The American Embassy at Moscow in a telegram of December 22, 1950, expressed the view that the mining would be capitalized on to intensify the current war of nerves against Turkey and doubted that technical justification under the Montreux Convention on the basis of the harmlessness of the mines would be sufficient to counteract the public effect of Soviet protests against their presence. It strongly [Page 1115] opposed implementation of the project unless it is considered a vital defense measure for which there is no feasible alternative.4

It is the Department’s understanding that while the mines would be relatively ineffective with respect to surface targets and would not, therefore, supplant other types of mines which would have to be laid in the event of hostilities, they would aid in the detection of submerged submarines which may endeavor to transit the Straits surreptitiously. However, since other detection systems are or will be installed in the Bosphorus area, the question arises whether the installation of the mines as an additional detection device or for the other purposes which they might serve will contribute sufficiently to United States security to justify the United States urging the Turkish Government to approve the project, despite the possible consequences.

Although the Turkish Government has not expressed an expectation of receiving a security commitment from the United States before proceeding with implementation of this project, pressure on our part might result in their asking for such a commitment. The minimum request which the Turkish Government is expected to make is that the United States Government actively support the Turkish Government in this project and also that the British give similar support (which the United States may have to take the initiative to obtain).

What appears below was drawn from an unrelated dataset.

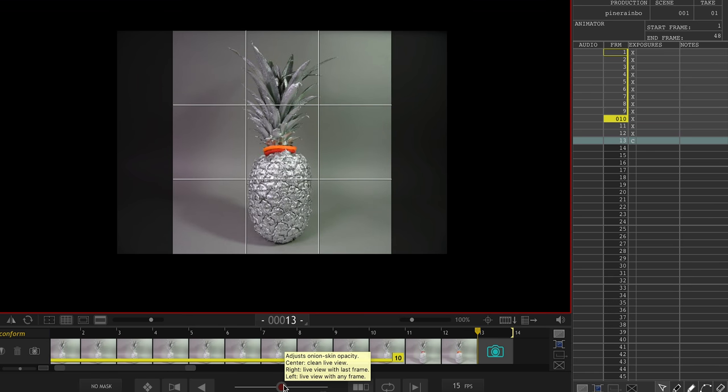Dragon Frame also gives you a live view feature so you know exactly what you're photographing on a bigger screen instead of looking at the back of your camera.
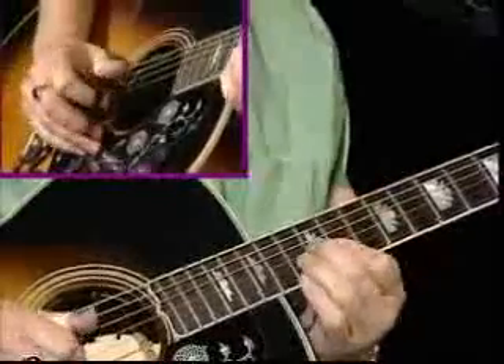Up to the E octave, and you've understood how to move these chords up through the positions and back down through the positions, so that you can play any C chord, any A chord, any G chord, any E chord, any D chord — up and down the neck in any position.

The Department would therefore appreciate receiving your views as to the importance of this project from the military standpoint, including an indication of the essentiality of the project to United States security.5

Sincerely yours,

H. Freeman Matthews
  1. Drafted by Snyder and Moore, GTI, and cleared with George H. Emery, S/ISA, and Richard H. Davis, EE.
  2. For previous documentation regarding the proposal to mine the Turkish Straits, see Foreign Relations, 1950, vol. v, pp. 1224 ff.
  3. Presumably the reference is to telegram 422, January 12, 1951, from Ankara, which is printed in Foreign Relations, 1950, vol. v, p. 1353.
  4. Presumably the reference is to telegram 1227, December 22, 1950, from Moscow, which is printed in Foreign Relations, 1950, vol. iv, p. 1281.
  5. General Burns acknowledged receipt of this letter on February 6 and informed Matthews that the Department of Defense was studying the question of controlled mining of the Turkish Straits (782.5/2–651).